There are many reasons to express doubts about the move by Arcelor, the Luxembourg-based steel group, to buy Severstal of Russia in order to sidestep the hostile bid by Mittal Steel. One is the way the Arcelor board is presenting the takeover as a done deal, which only an absolute majority of all shareholders will be able to reject. A second is the opportunity for yet another oligarch’s fortune to leave Russia, with Alexei Mordashov picking up nearly one-third of Arcelor in return for his 90 percent of Severstal.

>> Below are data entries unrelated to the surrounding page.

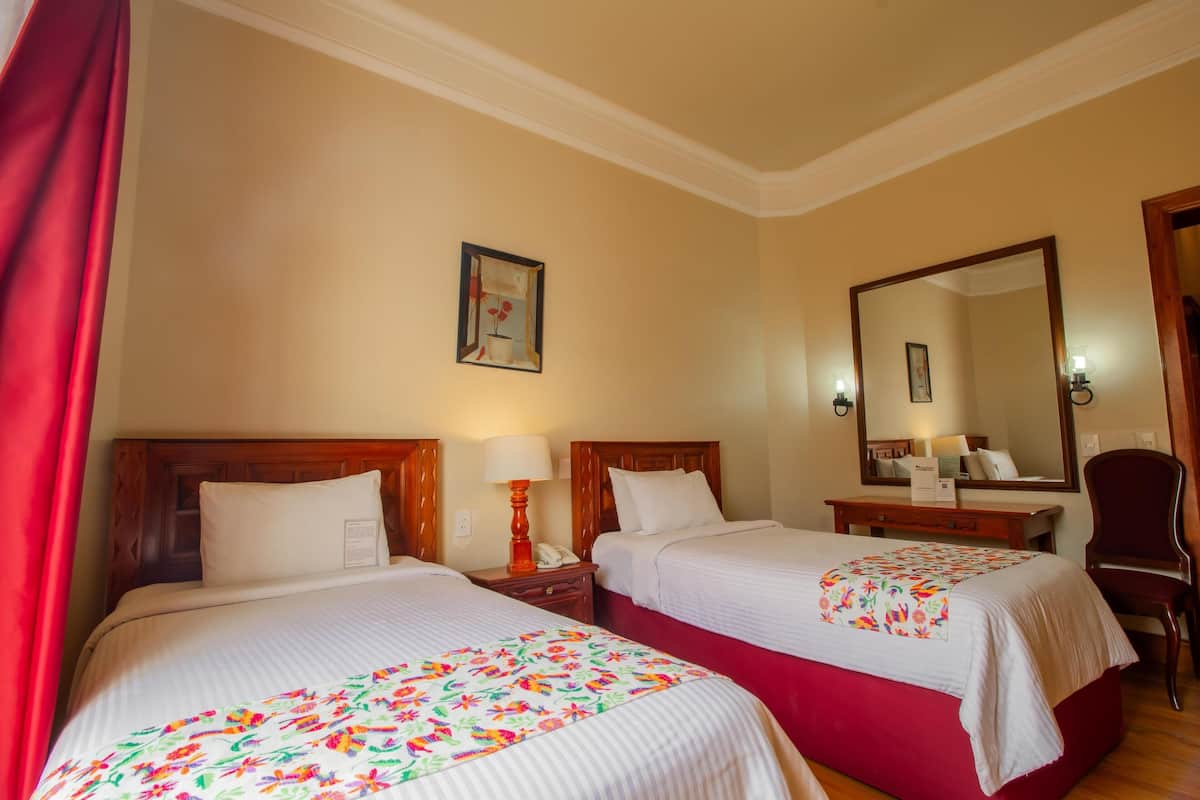A hotel room with two beds, a wooden headboard, a nightstand with a lamp, a mirror, and a chair.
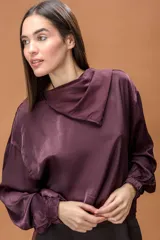 Blusa de tela satinada color bordó, con cuello drapeado amplio y mangas largas con puños elásticos.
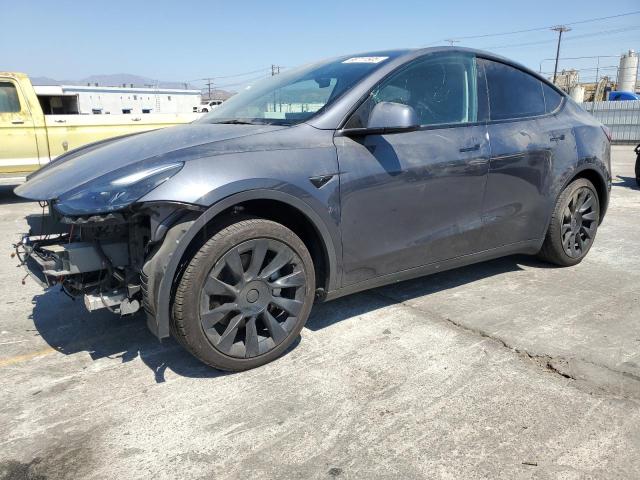 TESLA MODEL Y 2023 with VIN 7SAYGDED2PF962946 - Photo from auction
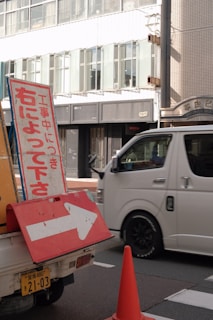 A street scene featuring a traffic sign with Japanese text and a right-pointing arrow, situated on a vehicle. A white van is passing by on the road, and an orange traffic cone is nearby. In the background, there is a modern building with large windows.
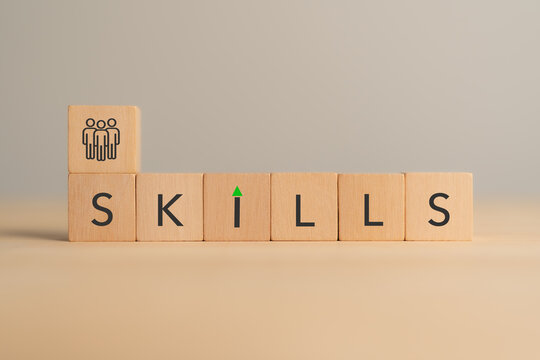 Skills Development and Human Capital Growth Concept. Wooden blocks spelling SKILLS with a people icon. Workforce capability, talent development and continuous learning for organizational growth.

But the reason to welcome this deal, which will have been cleared in advance with the Kremlin, is that Vladimir Putin, the president, is evidently showing none of the neurosis about one of his country’s top two steelmakers coming under foreign control that he displays about foreign ownership in Russia’s energy sector. If only his evidently relaxed view on Severstal could become the template for a more general Russian openness to foreign investment. But only last week, at his summit with the European Union, Putin was touchily describing the energy sector as “the holy of holies of our economy” and demanding reciprocity for any EU investment in it.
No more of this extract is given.